- _EXERCISE INPUT_:
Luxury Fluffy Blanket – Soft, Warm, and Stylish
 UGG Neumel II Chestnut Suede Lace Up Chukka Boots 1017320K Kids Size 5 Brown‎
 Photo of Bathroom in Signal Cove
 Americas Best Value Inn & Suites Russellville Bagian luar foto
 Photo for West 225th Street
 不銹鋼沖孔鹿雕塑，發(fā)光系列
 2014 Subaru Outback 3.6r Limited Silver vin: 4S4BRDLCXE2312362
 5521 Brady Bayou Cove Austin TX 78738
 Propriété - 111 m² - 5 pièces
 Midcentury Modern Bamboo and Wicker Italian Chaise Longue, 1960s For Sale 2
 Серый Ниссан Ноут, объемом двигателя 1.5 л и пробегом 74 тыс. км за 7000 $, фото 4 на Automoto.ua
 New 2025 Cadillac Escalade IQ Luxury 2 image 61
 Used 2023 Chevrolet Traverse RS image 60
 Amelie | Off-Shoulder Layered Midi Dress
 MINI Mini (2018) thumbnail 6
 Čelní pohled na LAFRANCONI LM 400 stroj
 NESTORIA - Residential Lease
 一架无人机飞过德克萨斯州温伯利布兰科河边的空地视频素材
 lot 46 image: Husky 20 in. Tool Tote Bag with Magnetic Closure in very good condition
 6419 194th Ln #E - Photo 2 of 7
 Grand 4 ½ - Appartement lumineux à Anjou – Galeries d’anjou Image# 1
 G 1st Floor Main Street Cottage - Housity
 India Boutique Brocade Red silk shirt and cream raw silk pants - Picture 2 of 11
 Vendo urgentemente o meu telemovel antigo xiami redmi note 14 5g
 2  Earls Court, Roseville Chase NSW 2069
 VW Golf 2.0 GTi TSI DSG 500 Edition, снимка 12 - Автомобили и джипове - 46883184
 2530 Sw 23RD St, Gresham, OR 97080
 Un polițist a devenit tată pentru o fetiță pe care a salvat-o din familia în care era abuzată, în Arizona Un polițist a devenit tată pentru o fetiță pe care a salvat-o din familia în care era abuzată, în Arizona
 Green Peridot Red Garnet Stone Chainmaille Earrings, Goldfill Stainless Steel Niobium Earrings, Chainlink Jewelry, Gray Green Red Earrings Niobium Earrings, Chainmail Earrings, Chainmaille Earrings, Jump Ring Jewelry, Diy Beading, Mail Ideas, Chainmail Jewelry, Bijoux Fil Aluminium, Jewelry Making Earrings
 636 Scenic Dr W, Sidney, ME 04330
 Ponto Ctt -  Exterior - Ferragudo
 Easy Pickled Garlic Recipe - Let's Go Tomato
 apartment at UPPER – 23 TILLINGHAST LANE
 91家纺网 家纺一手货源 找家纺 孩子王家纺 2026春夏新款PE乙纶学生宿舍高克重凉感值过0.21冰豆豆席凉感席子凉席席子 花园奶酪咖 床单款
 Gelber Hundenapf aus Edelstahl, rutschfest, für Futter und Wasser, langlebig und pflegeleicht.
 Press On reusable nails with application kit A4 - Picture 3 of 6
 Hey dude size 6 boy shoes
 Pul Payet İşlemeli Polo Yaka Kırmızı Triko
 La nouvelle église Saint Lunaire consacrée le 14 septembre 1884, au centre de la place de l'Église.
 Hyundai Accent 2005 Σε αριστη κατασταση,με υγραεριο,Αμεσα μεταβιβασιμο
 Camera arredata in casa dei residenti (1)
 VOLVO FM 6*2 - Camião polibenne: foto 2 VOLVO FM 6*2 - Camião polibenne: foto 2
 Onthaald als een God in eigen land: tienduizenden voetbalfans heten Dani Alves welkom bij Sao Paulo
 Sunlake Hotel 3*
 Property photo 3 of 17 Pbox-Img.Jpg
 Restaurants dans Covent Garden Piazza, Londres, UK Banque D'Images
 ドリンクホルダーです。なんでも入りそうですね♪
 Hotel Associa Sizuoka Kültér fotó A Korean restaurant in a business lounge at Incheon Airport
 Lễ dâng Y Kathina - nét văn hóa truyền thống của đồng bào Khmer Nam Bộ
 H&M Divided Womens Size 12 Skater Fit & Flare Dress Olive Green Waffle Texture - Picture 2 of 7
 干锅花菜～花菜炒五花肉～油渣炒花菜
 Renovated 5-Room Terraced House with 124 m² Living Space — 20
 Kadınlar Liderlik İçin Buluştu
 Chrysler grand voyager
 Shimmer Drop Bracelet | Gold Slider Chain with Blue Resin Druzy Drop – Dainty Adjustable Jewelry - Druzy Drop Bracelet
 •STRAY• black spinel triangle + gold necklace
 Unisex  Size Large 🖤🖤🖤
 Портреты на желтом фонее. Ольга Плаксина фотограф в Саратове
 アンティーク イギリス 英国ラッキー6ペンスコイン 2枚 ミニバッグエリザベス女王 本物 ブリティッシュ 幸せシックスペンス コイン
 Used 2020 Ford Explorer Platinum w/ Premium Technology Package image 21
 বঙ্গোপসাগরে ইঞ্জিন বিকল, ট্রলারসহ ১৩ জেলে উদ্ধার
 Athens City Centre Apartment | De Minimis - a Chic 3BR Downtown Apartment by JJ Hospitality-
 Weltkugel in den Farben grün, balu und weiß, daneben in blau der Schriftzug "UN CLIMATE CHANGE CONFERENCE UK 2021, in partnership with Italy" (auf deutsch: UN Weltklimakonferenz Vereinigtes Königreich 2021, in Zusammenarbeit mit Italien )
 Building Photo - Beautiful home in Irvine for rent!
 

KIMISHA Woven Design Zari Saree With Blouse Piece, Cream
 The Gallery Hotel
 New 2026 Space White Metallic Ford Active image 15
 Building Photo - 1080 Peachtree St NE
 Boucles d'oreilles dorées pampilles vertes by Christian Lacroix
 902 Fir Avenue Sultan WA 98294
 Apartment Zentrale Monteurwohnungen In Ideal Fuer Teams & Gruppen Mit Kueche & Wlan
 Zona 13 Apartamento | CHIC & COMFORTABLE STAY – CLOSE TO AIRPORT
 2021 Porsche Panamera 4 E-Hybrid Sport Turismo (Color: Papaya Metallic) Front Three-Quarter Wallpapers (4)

- _WHAT IS NEEDED_: Reproducing the whole listing above is not the task. Copy exactly only the lines from the one with "Chase NSW 2069" to the one with "Easy Pickled Garlic", both kept.

- _TASK ANSWER_:
 2  Earls Court, Roseville Chase NSW 2069
 VW Golf 2.0 GTi TSI DSG 500 Edition, снимка 12 - Автомобили и джипове - 46883184
 2530 Sw 23RD St, Gresham, OR 97080
 Un polițist a devenit tată pentru o fetiță pe care a salvat-o din familia în care era abuzată, în Arizona Un polițist a devenit tată pentru o fetiță pe care a salvat-o din familia în care era abuzată, în Arizona
 Green Peridot Red Garnet Stone Chainmaille Earrings, Goldfill Stainless Steel Niobium Earrings, Chainlink Jewelry, Gray Green Red Earrings Niobium Earrings, Chainmail Earrings, Chainmaille Earrings, Jump Ring Jewelry, Diy Beading, Mail Ideas, Chainmail Jewelry, Bijoux Fil Aluminium, Jewelry Making Earrings
 636 Scenic Dr W, Sidney, ME 04330
 Ponto Ctt -  Exterior - Ferragudo
 Easy Pickled Garlic Recipe - Let's Go Tomato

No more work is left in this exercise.